(Records from a data source)
########################################

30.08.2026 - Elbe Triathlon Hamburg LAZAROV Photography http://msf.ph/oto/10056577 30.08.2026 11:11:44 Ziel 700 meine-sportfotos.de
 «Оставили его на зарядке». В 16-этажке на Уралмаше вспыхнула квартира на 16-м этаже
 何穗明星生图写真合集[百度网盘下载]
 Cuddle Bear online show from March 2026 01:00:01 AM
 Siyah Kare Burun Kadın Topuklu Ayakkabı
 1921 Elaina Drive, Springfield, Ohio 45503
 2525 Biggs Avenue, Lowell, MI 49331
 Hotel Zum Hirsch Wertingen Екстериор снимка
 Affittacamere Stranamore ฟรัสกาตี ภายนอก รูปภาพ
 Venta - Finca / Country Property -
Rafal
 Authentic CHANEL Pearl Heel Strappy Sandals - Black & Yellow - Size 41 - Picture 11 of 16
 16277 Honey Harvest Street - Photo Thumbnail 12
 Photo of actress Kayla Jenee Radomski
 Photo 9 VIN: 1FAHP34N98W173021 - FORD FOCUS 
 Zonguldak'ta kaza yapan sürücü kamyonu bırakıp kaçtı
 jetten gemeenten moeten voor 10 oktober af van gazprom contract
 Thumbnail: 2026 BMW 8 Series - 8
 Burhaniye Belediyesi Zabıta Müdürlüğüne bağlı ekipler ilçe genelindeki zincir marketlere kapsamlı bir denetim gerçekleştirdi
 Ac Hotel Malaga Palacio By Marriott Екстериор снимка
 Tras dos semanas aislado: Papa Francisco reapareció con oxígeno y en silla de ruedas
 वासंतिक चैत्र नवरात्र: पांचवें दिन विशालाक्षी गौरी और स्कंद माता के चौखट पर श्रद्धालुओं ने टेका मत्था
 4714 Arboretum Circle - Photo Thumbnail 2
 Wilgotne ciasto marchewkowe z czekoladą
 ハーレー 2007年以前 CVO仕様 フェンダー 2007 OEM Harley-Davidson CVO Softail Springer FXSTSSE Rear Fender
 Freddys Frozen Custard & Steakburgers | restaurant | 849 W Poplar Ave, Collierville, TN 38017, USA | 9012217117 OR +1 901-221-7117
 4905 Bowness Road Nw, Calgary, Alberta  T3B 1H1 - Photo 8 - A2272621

########################################

● **DIRECTIONS**: Report every line of the data above that contains the string "снимка" by copying it in full.

● **TASK ANSWER**:
 Hotel Zum Hirsch Wertingen Екстериор снимка
 Ac Hotel Malaga Palacio By Marriott Екстериор снимка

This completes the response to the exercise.